The Epistle to the Hebrews and Christian Theology

The Epistle to the Hebrews and Christian Theology is a substantial volume with a considerable list of contributors. Edited by Richard Bauckham, Daniel R. Driver, Trevor Holt, and Nathan MacDonald there are articles in it from the 23 scholars exploring this subject in depth. These are many of the papers I heard presented and discussed before I started blogging and learning Hebrew myself. The full table of contents and list of contributors is available at the link above.

I cannot help but remember the conferences I have been to over the last 8 years, from small to large, with specific focus and general, each one having its own place. Blessed be the cloud of computing that keeps my memories for me. It seems to me that we are all like sieves swimming in a vast sea but our lead fish has given us direction and continues to.

The Jewish Roots of Christian Sacrifice was the first one I attended. Here I heard and read with another Canadian (unknown to me) my first Targum taught by Jo Milgrom, and where I was first introduced by her husband Jacob to his theories of purity based on his work on Leviticus. Stefan Rief also presented as did George Bebawi and Bishop Kallistos. There too Bishop Basil introduced me to Réné Girard. Not a bad beginning to conferences. It was three years before I attended another, that is the one above at St Andrews that started me on learning Hebrew because this conference changed for ever the way I viewed the 'Old' Testament.

In 2008 I decided to join SBL and attended two of their conferences, the national SBL meeting San Diego 2008 and the regional meeting in Victoria 2010. These are, by way of contrast' enormous conferences compared with the others.

I think the Jewish roots conference was about 40 people. I had come to Cambridge also to present at the engineering faculty a session on brain computer interfaces which we had been working on behalf of Claire Minkley. Unknown to me, one of her teachers also came to that conference and then to my lecture also - it was the two of us from the same city half-way around the world unknown to each other that were chosen to read the targum on the Akedah. (The text for this is not easily available online.)

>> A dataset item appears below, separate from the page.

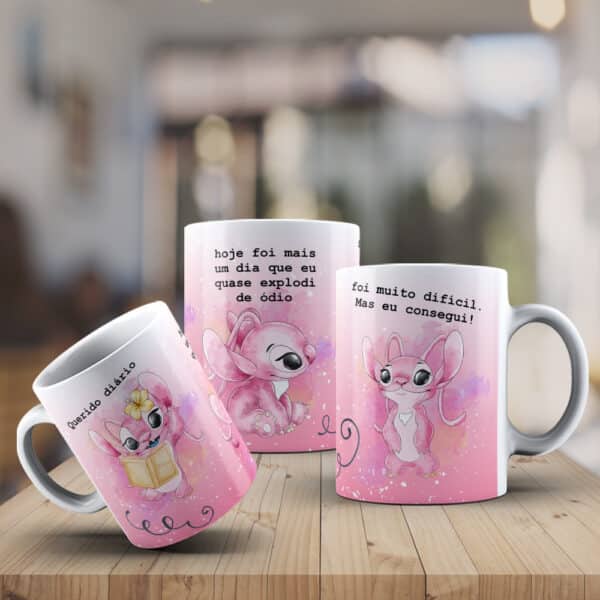 ESTAMPAS PERSONAGENS DIVERTIDOS 1 CANECAS - Image 2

The Oxford Psalms Conference is full circle for me from the St Andrews Hebrews Conference. In a couple of days I will be in Israel - what sort of experience with this background awaits me? What should I see? What remember?

A new blog has appeared from one whom I do not know. It touches also on a longer and more painful history. I go into a painful and even longer history as I approach Jerusalem.  How long O Lord?